Information supplied:
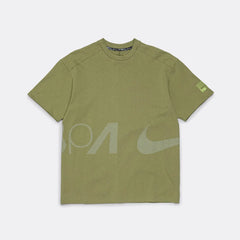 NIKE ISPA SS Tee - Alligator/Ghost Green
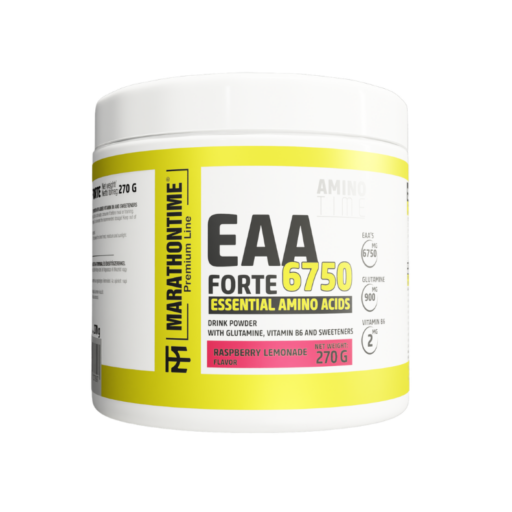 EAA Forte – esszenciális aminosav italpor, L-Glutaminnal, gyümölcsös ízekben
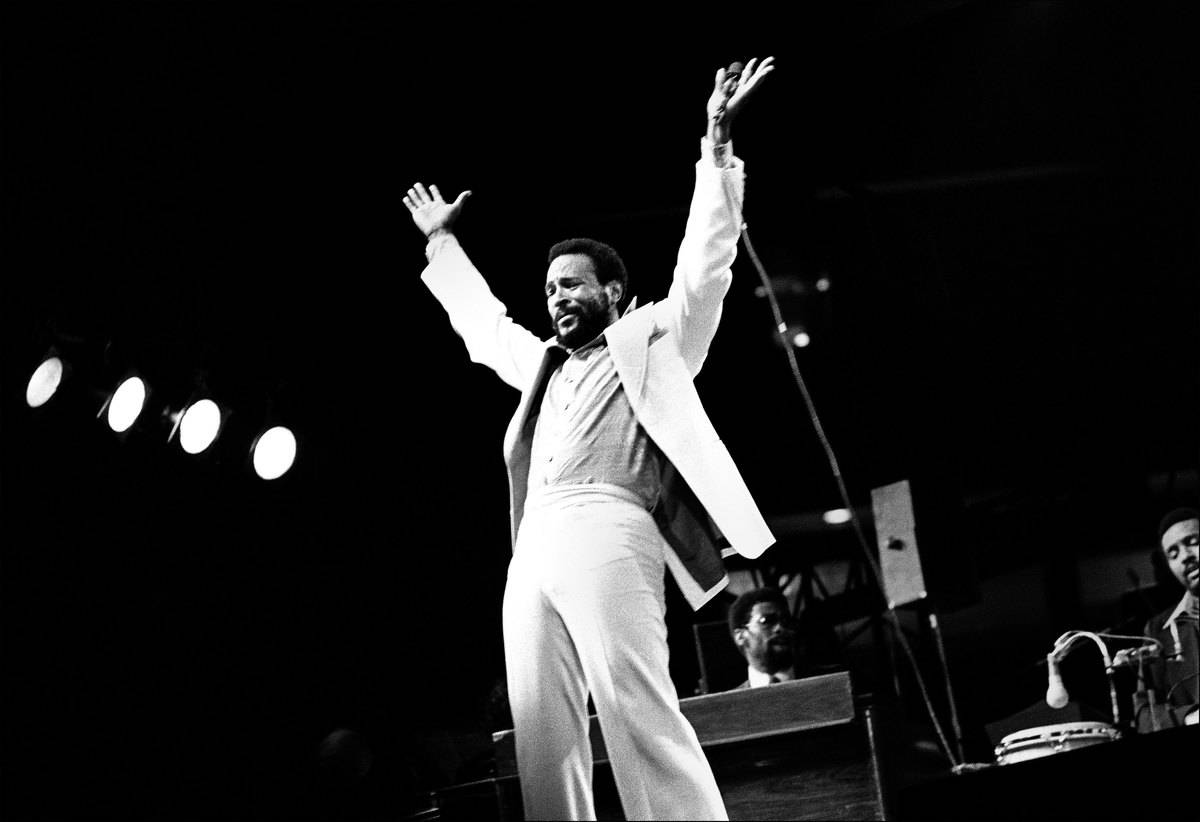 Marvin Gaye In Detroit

Your assignment: Skipping the images, write out the whole listing exactly.

Response area:
 NIKE ISPA SS Tee - Alligator/Ghost Green
 EAA Forte – esszenciális aminosav italpor, L-Glutaminnal, gyümölcsös ízekben
 Marvin Gaye In Detroit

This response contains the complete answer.